Sebagai negara mayoritas beragama Katolik, hal tersebut adalah suatu kesalahan besar. Pasalnya sekitar 80 persen penduduk Filipina adalah beragama Katolik. Dan, menurut Lito Jopson sebagai kepala Kantor Komunikasi Keuskupan Filipina, “Sebagai orang beriman, kami tidak mengikut ke hukuman mati karena kita tidak berhak menghakimi siapa yang akan hidup dan siapa yang akan mati,” ucapnya seperti dilansir dari kantor berita AFP, selasa lalu.
Sebelumnya ditahun 2006, Filipina telah menghapus hukuman mati dibawah kepresidenan Gloria Arroyo.
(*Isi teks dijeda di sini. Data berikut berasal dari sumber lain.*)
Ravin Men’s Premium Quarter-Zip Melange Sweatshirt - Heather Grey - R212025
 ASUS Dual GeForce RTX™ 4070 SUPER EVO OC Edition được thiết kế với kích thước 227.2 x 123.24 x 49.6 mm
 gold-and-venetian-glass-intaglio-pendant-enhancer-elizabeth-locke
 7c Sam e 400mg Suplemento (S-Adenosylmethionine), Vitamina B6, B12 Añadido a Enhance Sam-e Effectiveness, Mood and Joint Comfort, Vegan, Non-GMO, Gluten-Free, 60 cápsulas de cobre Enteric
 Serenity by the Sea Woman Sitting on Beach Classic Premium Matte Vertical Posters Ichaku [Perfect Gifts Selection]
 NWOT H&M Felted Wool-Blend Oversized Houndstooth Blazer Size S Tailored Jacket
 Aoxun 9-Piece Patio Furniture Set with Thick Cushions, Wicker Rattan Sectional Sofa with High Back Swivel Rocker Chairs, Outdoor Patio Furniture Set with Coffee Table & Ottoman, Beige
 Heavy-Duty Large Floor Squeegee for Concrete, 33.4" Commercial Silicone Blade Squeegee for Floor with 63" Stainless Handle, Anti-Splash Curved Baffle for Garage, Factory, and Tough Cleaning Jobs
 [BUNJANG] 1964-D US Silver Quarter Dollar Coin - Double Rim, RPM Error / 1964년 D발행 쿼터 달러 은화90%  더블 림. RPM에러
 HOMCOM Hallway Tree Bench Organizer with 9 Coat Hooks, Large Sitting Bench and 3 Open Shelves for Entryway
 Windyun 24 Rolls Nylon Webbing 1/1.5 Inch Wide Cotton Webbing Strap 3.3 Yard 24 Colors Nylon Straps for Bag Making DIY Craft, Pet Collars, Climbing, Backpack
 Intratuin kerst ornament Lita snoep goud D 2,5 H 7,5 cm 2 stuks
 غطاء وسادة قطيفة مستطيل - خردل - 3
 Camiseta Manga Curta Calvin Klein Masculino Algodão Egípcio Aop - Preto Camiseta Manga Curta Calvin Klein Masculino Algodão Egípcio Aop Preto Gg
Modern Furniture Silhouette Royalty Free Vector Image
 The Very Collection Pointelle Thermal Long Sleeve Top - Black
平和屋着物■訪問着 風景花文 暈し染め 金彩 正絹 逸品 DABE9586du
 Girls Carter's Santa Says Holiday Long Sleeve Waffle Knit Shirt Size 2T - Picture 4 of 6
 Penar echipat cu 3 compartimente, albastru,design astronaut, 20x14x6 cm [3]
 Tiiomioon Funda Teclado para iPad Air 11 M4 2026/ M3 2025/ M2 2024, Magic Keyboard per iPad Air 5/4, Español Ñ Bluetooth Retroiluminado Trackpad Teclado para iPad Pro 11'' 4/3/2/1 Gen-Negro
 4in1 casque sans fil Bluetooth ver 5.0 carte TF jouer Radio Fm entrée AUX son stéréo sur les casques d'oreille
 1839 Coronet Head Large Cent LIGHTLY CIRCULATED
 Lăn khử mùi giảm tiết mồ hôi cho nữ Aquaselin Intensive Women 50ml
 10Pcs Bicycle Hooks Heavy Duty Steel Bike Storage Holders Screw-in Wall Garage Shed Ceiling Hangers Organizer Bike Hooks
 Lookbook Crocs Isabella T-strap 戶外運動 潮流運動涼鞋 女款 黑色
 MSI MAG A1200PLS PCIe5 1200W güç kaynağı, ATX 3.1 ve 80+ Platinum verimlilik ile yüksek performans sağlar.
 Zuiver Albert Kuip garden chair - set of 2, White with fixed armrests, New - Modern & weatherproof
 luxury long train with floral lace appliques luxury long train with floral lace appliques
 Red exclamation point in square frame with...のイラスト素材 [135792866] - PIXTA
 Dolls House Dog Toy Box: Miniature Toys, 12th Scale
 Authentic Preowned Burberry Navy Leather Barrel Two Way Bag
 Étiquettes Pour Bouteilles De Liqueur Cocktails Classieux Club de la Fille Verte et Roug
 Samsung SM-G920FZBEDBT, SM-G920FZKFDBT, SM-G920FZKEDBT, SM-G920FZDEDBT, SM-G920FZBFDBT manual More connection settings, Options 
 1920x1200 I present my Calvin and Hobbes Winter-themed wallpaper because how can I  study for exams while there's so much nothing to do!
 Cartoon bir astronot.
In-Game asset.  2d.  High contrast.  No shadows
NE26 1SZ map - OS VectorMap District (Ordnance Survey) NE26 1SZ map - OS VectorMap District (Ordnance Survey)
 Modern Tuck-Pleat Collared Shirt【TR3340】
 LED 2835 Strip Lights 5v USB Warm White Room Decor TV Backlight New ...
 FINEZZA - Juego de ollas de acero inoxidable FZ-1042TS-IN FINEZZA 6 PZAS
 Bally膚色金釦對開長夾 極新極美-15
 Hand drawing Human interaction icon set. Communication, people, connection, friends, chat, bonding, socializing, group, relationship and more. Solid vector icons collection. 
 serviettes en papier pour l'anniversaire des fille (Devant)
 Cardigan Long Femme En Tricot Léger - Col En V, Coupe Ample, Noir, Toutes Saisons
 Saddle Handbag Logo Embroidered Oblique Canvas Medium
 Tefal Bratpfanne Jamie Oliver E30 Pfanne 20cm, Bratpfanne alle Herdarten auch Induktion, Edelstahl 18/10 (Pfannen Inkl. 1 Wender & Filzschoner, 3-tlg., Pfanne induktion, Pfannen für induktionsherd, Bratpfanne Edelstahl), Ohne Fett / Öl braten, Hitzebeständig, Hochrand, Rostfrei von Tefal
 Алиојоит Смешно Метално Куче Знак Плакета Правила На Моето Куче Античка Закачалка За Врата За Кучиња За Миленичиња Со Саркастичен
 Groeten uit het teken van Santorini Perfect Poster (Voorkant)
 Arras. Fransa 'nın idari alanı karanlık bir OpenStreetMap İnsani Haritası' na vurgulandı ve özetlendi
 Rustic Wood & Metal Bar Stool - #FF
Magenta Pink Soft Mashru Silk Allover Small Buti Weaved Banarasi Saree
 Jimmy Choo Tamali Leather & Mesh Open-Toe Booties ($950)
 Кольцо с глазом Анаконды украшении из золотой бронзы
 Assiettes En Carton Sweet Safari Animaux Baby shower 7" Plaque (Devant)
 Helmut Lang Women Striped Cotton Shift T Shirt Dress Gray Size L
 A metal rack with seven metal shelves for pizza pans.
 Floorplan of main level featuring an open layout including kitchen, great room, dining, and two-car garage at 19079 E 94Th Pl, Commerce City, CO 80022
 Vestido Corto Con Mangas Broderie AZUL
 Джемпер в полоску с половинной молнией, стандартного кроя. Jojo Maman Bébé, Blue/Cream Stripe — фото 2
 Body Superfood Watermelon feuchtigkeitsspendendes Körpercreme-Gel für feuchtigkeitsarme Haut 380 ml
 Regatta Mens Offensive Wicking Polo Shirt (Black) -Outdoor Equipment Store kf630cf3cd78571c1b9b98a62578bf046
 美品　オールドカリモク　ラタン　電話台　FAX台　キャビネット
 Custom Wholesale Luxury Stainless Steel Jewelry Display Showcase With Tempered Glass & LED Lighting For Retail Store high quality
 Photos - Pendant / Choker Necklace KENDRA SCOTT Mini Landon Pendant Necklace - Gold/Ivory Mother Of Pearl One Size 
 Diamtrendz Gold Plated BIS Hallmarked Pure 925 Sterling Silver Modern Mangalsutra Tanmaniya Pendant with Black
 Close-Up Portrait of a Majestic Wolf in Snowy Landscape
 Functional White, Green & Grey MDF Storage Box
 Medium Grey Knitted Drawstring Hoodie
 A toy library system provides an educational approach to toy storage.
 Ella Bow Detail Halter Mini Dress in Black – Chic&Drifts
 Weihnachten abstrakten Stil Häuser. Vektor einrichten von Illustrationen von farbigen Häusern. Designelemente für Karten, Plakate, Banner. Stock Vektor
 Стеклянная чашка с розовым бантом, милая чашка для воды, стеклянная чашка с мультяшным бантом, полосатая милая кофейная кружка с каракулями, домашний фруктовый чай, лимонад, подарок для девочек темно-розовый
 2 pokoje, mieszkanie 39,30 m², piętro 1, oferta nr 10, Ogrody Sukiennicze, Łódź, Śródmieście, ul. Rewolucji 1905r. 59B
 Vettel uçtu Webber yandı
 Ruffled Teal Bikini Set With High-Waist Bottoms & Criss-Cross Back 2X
Menurut Duterte, masyarakat Filipina saat ini tidak lagi takut akan hukum dan dia akan mengubah hal itu. Duterte juga mengatakan, dirinya akan meminta Kongres untuk memberlakukan kembali hukuman mati untuk kasus-kasus seperti peredaran, pemerkosaan, permbunuhan, perampokan dan penculikan untuk mendapat tebusan dan lainnya.
Rencana Duterte juga ditentang oleh Komisi Hak Asasi Manusia badan pemerintahan independen yang tidak bisa dihapuskan olehnya dan yang anggota-anggotanya saat ini tak bisa diganti Duterte. “Kami akan melakukan semampu kami untuk melobi melawan penerapan kembali hukuman mati,” tegas Banuar Falcon, kepala divisi internasional Komisi Ham tersebut.
Menurut Uskup Santos, mengatakan Duterte seharusnya tidak menghidupkan kembali hukuman mati, tapi ia harus memulai reformasi penjara dan meninjau sistem peradilan negara ini. Uskup Agung Lipa, Mgr Ramon Arguelles, mengatakan ia akan merelakan dirinya dieksekusi saat pemerintah akan melakukan eksekusi. Lito Jopson, juga menambahkan, kemenangan telak Duterte sebagai Presiden Filipina tidak mengubah sikap para Uskup soal hukuman mati ini.